• Extracted entries:
■ ■ ■ ■

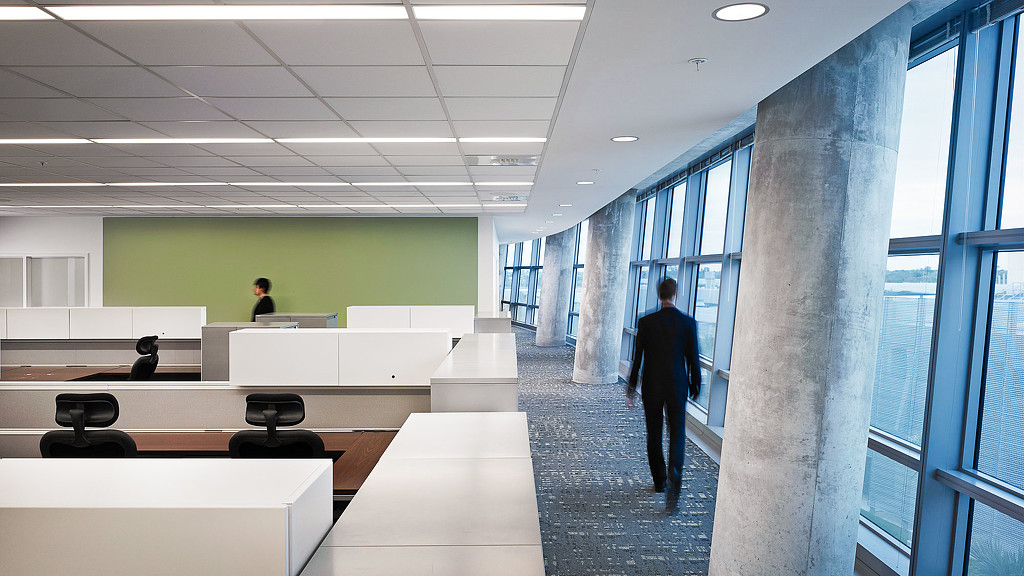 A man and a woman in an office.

■ ■ ■ ■

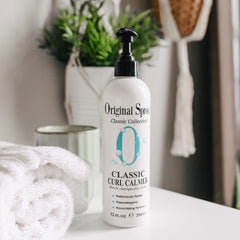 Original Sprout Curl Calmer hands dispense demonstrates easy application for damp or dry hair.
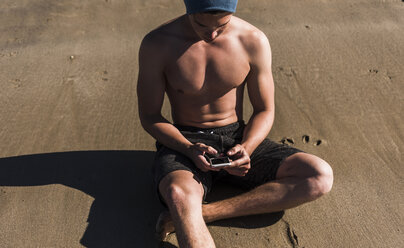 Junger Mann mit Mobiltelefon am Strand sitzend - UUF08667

■ ■ ■ ■

• Work task: In the data above, retype only the stretch from the line with "Original Sprout Curl" through the line with "Junger Mann mit", word for word, and skip any pictures.

• Result of this task:
 Original Sprout Curl Calmer hands dispense demonstrates easy application for damp or dry hair.
 Junger Mann mit Mobiltelefon am Strand sitzend - UUF08667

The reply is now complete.